Recessione tecnica: i commenti di Federalimentare e Filiera Italia
L'Istat ha da poco reso noti i dati provvisori del Pil nazionale, mostrando una contrazione dello 0,2%. L'Italia entra così in recessione tecnica dopo 5 anni e la cosa, anche se non coglie impreparati, di certo non può non preoccupare.
"I dati Istat diffusi sono un grande campanello d'allarme che Federalimentare come rappresentante dell'industria alimentare italiana, ma in generale chiunque abbia a cuore gli interessi del Paese, non può non considerare". Così commenta i dati Ivano Vacondio, presidente di Federalimentare.

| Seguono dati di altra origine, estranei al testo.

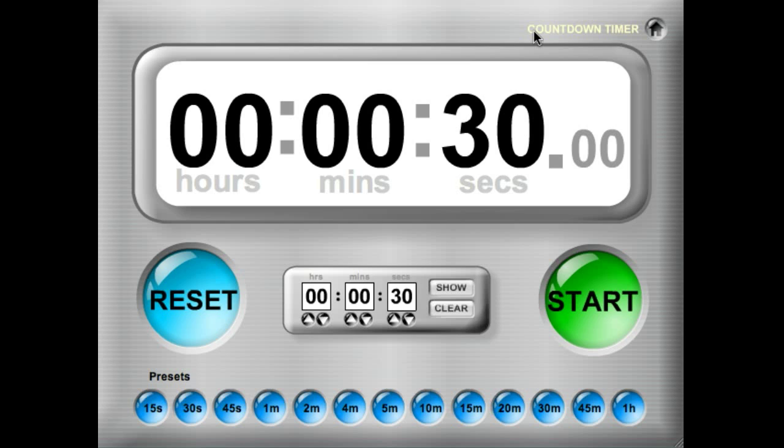The easiest way to use the countdown timer is to use the preset buttons along the bottom. The preset buttons are from 15 seconds all the way up to one hour.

"Nonostante la conferma delle doti anticicliche del nostro settore - continua Vacondio - l'emergenza di fondo è sotto gli occhi di tutti. È necessario allora ribadire una volta di più l'importanza dell'export, vero canale trainante del paese. Per questo, gli accordi bilaterali, come quello tra UE e Giappone, sono fondamentali per la crescita dell'Italia, ma abbiamo bisogno che la politica accompagni le imprese sui mercati esteri e soprattutto su quelli emergenti, dove c'è grande margine. Ora più che mai è necessario fare squadra: solo così potremo raggiungere risultati importanti".

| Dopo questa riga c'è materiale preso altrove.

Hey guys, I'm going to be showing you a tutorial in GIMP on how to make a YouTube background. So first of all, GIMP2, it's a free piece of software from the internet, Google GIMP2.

Diverso il focus di Filiera Italia nelle parole di Luigi Scordamaglia, che punta sulla necessità di "sburocratizzare il Paese".

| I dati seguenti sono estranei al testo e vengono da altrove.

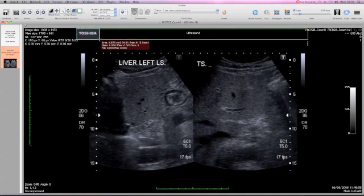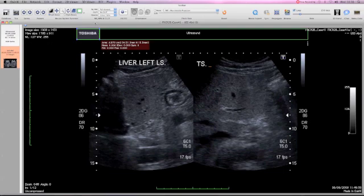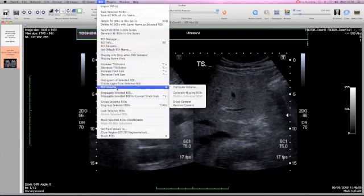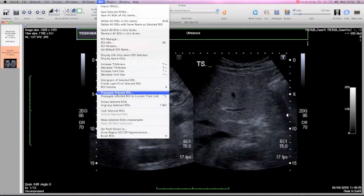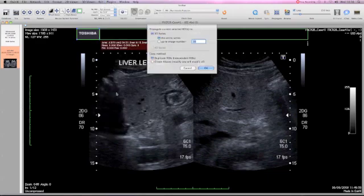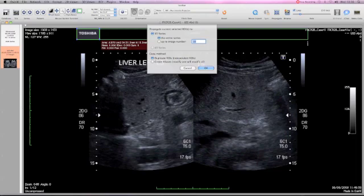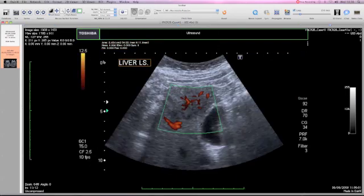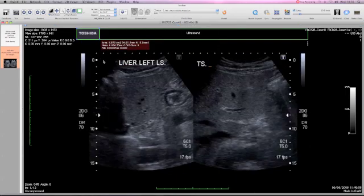The ultrasound will be part of a series, and we want to seed this particular process throughout all of the others rather than do it for each individual one. So we then move up to the region of interest icon, drop down to the propagation tool, propagate selected region of interest. Select this and choose the entire series because you want it throughout the ultrasound series and press OK. This will now appear on every one of the images.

“La formalizzazione dello stato di recessione tecnica era prevedibile e non deve essere considerato allarmante di per sé, a patto che serva a stimolare una reazione vera da parte del nostro Paese”. Ogni anno in Italia nascono 90 imprese, a fronte delle 40mila costrette a chiudere nello stesso periodo.
"Abbiamo un settore produttivo, fra tutti quello agroalimentare, che oggi dà prova di vera resilienza e si mostra sempre più competitivo". E aggiunge "Queste aziende devono però essere liberate da una insostenibile zavorra burocratica che renda finalmente possibile operare in un contesto realmente competitivo".
Secondo Scordamaglia "in questa visione vanno considerati gli interventi indispensabili sblocca infrastrutture ed investimenti, e l'ulteriore riduzione del cuneo fiscale. Non reagire, in un contesto internazionale depresso come l'attuale, può costare molto caro".